Designed by Hogg & Lamb architects alongside interior stylists Stewart + Highfield, Babylon is opulent, just as you’d image one of the Seven Wonders of the Ancient World to be.
The huge 1200sqm space features a live hanging garden terrace and outdoor bar, lots of greenery and multiple private and semi-private dining rooms. Marble plays a big role here too, with stone quarried from all around the world: there’s a luxurious nine-metre bar crafted from Emperador dark gold Spanish marble, table tops are made with Veria Green marble from Greece and glossy black Nero Marquina marble flooring from Northern Spain.
With bars occupying two-thirds of the entire floor space, drinks are the main event at Babylon and the drinks list can only be described as colossal—with 250 whiskies, 400 bottles of local Australian and international spirits and about 300 bottles of Old and New World wine care of sommelier Simon Howland (Nomad, Catalina).
Bar manager David Nutting (Restaurant Hubert, Eau de Vie) has created a couple of signatures that take inspiration from the flavours and spices of the Middle East and Eastern Mediterranean.
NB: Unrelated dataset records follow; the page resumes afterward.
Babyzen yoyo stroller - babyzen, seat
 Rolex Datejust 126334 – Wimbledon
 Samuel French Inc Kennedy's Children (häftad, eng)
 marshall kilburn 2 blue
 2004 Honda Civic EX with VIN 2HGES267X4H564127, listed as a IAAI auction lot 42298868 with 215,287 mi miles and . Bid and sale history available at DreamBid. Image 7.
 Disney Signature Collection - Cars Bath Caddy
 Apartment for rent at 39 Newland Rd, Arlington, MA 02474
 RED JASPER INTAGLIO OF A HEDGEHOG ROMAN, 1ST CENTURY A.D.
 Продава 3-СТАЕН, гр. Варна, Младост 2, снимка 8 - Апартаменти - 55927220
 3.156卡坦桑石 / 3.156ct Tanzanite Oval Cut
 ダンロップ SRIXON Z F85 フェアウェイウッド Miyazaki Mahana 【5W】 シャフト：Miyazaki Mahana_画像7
Our top pick would have to be the “Smoke & Baklava”, with Del Maguey Vida Mezcal, baklava caramel, lime and egg white.
There are bottled cocktails too—a “Baharat Fashioned”, which is a Middle Eastern spin on the classic Old Fashioned, with fat-washed Baharat buttered Plantation original dark rum, banana liquer, house-made banana sherbet and chocolate bitters.
As for the food, it’s a far cry from being an afterthought. Head chef Arman Uz (Efendy) draws on influences from Israel, Lebanon, Cyprus, Turkey and Egypt to create an epic bar and restaurant menu. At the bar, expect tasty things like hummus with wattleseed dukkah, Port Lincoln sardine dolmas, duck, almond and coriander gozleme, and Turkish chillies with molasses.
The full restaurant menu is divided into flora, fauna and ocean, and everything from bread to baklava is made in house, cooked over wood and charcoal on a custom-built three-metre-long Mangal grill. Try the Chilbir, a recreation of a simple 15th-century sultan classic with dukkah crumbed duck egg, garlic yoghurt and burnt chilli butter. Hunkar Begendi translates to “the sultan likes it” and is 72-hour sous-vide Wagyu tri-tip served on a bed of roasted eggplant puree.